JOURNALIST: With the interactions with law enforcement, what happens at the moment? In terms of, you know, when someone has some kind of complaint against a user on these dating apps and how is that going to change in the future?

ROWLAND: Firstly, as we heard from the Roundtable, it doesn't really have a formalised structure for complaints. That was one of the key messages that we had. In terms of the practical impact of this code, it does require an invitation to law enforcement agencies to establish an MoU. The establishment of MoUs with law enforcement is not novel. eSafety, for example, has them. I'll hand over to Minister Rishworth, but I think the important point here is that it establishes a process, and that is a real practical change. It allows industries to alert law enforcement agencies about credible reports where there's an imminent threat to someone's life or serious physical harm. Having a clearly identifiable point of contact for law enforcement and the sharing of information, insight and trends. This is a very practical process that we envisage will be established with law-enforcement agencies where there was none before.

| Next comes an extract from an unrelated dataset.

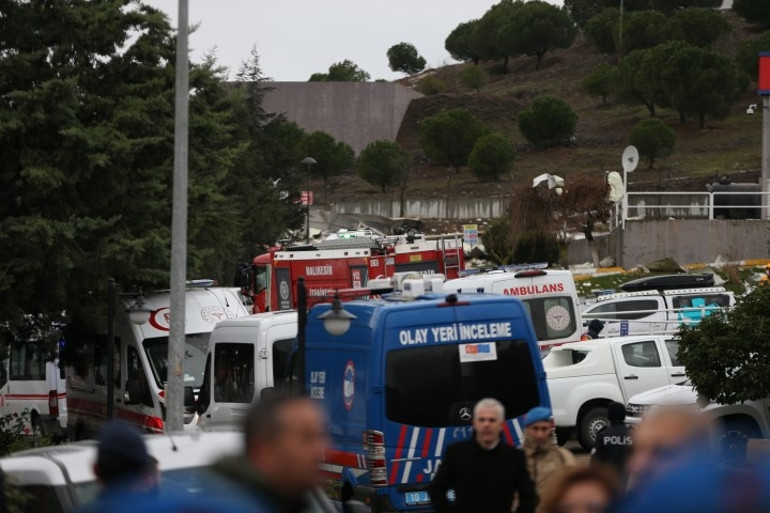 Son dakika: Balıkesirde fabrikada patlama Bakan Yerlikayadan açıklama: 11 can kaybı var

RISHWORTH: I think there's been some confusion, both with the industries and with law enforcement about how to receive that information, how to triage that information. Signing up to this voluntary code, means that organisations sign up to an MoU that law enforcements have the opportunity to participate in, and that will govern things like how to share information. What is the process of sharing information? So, that will be really important to have a clear line of communication to law enforcement so that they understand the threat as to the dating apps. So that work will be underway.  But it formalises what I think is the connection between law enforcement and these dating apps sites to ensure that information does get shared quickly, and it does get shared in a formalised way.

JOURNALIST: And just to clarify, what kind of behaviours are we trying to prevent? Perhaps for people who aren't necessarily on dating apps, what kind of behaviours are we seeing as a result of people being on dating apps that we're trying to stop?

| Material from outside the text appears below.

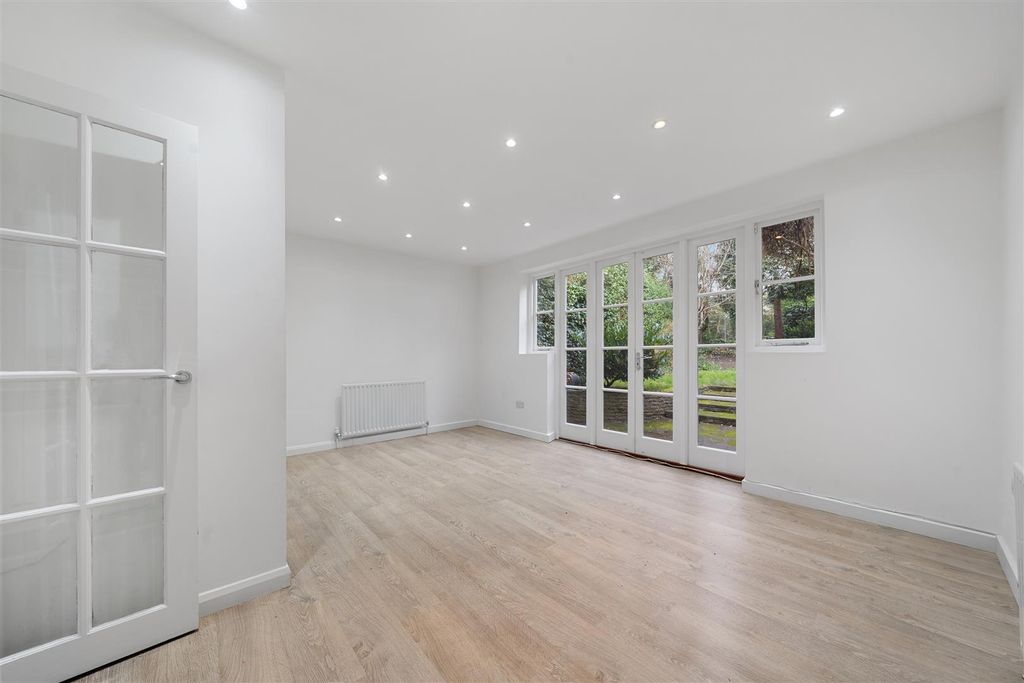 Property photo 2 of 11 2.Jpg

RISHWORTH: Well, there's quite a lot. It is, of course, a variety. It starts from sexual harassment, which is sexual violence, unwanted comments, unwanted persistent comments. A whole range of different behaviours up to life threats, threats to life because someone might not go on a date, sharing images, explicit images, that are unsolicited and unwanted. So, it is a range of behaviours online. But, of course, what we know about online-facilitated abuse is that it can turn into the offline area as well. And, so, it is a whole hierarchy of behaviours.

What's really important about this code of conduct is the requirement is not just after those behaviours escalate that companies are required to step in, they must monitor and look at intervening before. At the Roundtable, for example, there was a discussion about the role that dating apps could play in what might be considered low level sexual harassment to intervene and actually give those users some education that this is not appropriate. So, each company will work out what is best for their users. I think the behaviours go across the spectrum, but what we've got to be clear is whether it's sexual harassment, whether it's unsolicited explicit pictures, these are unacceptable behaviours. And dating apps have a responsibility to educate the community and stop it from happening.

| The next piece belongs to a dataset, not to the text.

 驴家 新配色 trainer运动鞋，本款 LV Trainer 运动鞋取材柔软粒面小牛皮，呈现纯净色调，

JOURNALIST: One final question. How are you going to make consumers aware of the companies that are under the code? Is it going to be some kind of visual stamp? Are the companies themselves going to roll-out some kind of campaign?

ROWLAND: The company can have some form of effective blue tick, if you like, to say that they are code compliant. I would think again, that this is an important consumer awareness tool for people who are making a choice. I would say to Australians who are using these dating apps, that this will be operationalised in the next few months. It is pleasing to see that already we have already had some safety features improved on some of the most popular apps. But also to look out as to whether or not the app that they are using has signed up to the code and make an informed choice.